■ **EXERCISE**
Your task is to retype the lines from the opening of the material through the line that includes "In terms of". Do not copy the pictures.
[[ EXTRACTED DATA, beginning ]]
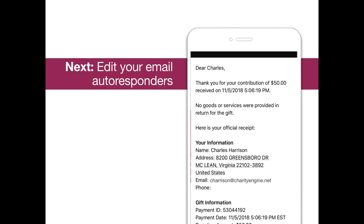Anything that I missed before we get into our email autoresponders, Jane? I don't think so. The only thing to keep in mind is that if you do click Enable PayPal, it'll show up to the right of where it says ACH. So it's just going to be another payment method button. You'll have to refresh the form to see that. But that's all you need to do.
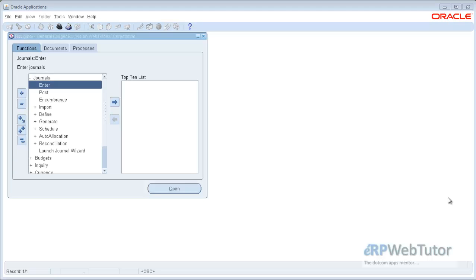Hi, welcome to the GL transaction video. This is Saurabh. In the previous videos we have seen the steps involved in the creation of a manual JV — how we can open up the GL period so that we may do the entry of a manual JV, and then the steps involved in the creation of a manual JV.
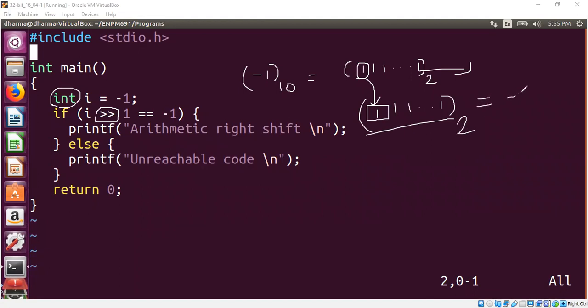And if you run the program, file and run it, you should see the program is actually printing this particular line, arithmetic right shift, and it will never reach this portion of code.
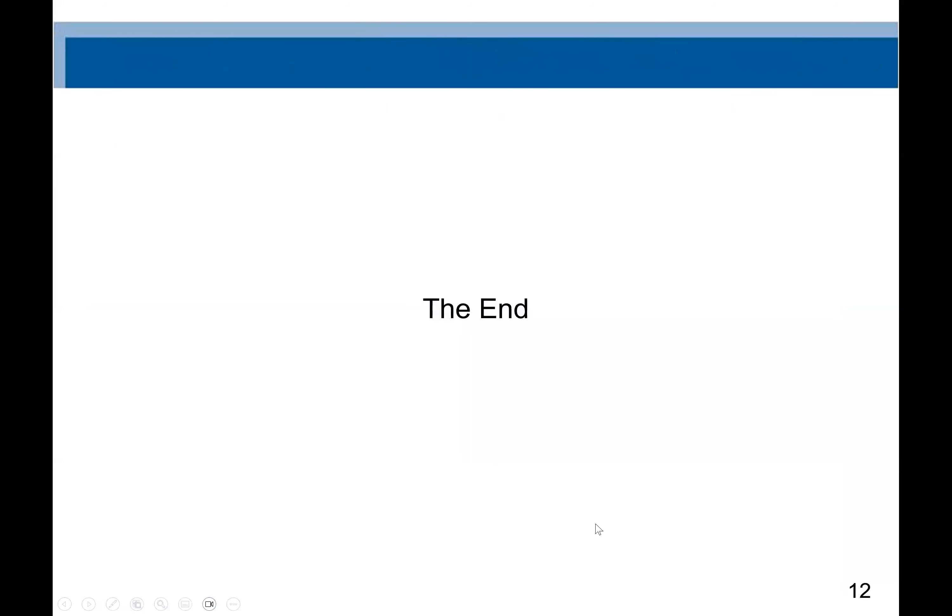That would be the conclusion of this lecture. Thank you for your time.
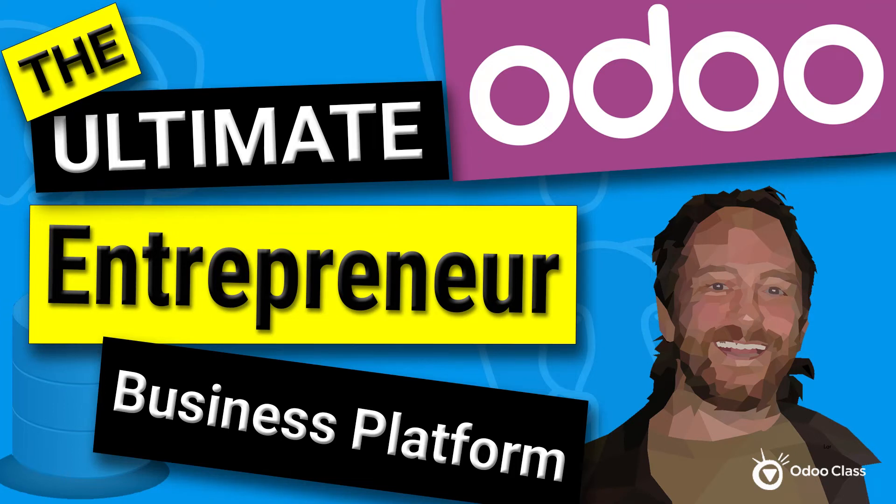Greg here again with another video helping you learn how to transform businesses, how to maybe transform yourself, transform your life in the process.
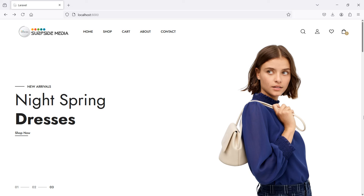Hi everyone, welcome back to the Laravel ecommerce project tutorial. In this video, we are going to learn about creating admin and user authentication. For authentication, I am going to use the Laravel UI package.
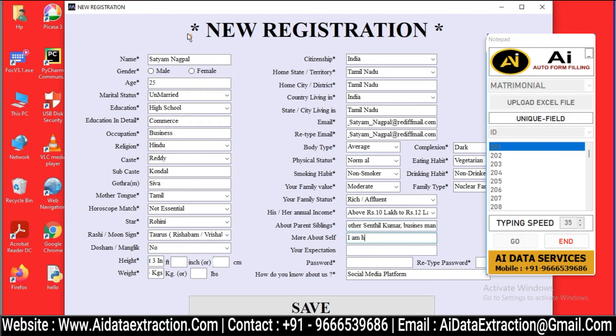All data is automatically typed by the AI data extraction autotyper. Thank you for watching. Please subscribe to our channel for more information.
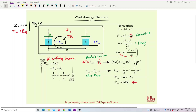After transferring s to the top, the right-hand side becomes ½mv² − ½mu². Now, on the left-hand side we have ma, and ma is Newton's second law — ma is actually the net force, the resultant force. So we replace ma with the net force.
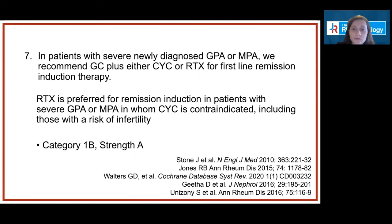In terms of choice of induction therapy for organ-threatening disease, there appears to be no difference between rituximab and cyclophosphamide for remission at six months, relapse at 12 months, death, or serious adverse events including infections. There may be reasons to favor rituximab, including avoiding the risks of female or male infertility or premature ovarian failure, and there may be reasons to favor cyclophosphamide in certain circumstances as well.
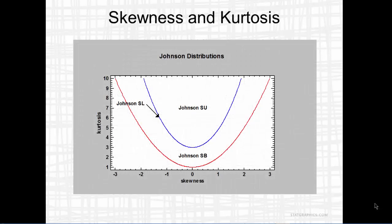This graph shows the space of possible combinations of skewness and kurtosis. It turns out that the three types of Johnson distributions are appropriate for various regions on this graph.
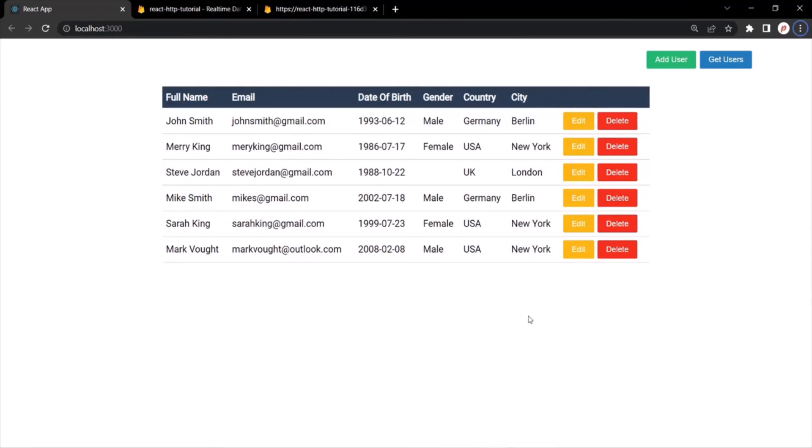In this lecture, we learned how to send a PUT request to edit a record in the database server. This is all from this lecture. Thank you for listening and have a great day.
[[ EXTRACTED DATA, end ]]
■ **ANSWER TO THIS PROBLEM**
Anything that I missed before we get into our email autoresponders, Jane? I don't think so. The only thing to keep in mind is that if you do click Enable PayPal, it'll show up to the right of where it says ACH. So it's just going to be another payment method button. You'll have to refresh the form to see that. But that's all you need to do.
Hi, welcome to the GL transaction video. This is Saurabh. In the previous videos we have seen the steps involved in the creation of a manual JV — how we can open up the GL period so that we may do the entry of a manual JV, and then the steps involved in the creation of a manual JV.
And if you run the program, file and run it, you should see the program is actually printing this particular line, arithmetic right shift, and it will never reach this portion of code.
That would be the conclusion of this lecture. Thank you for your time.
Greg here again with another video helping you learn how to transform businesses, how to maybe transform yourself, transform your life in the process.
Hi everyone, welcome back to the Laravel ecommerce project tutorial. In this video, we are going to learn about creating admin and user authentication. For authentication, I am going to use the Laravel UI package.
All data is automatically typed by the AI data extraction autotyper. Thank you for watching. Please subscribe to our channel for more information.
After transferring s to the top, the right-hand side becomes ½mv² − ½mu². Now, on the left-hand side we have ma, and ma is Newton's second law — ma is actually the net force, the resultant force. So we replace ma with the net force.
In terms of choice of induction therapy for organ-threatening disease, there appears to be no difference between rituximab and cyclophosphamide for remission at six months, relapse at 12 months, death, or serious adverse events including infections. There may be reasons to favor rituximab, including avoiding the risks of female or male infertility or premature ovarian failure, and there may be reasons to favor cyclophosphamide in certain circumstances as well.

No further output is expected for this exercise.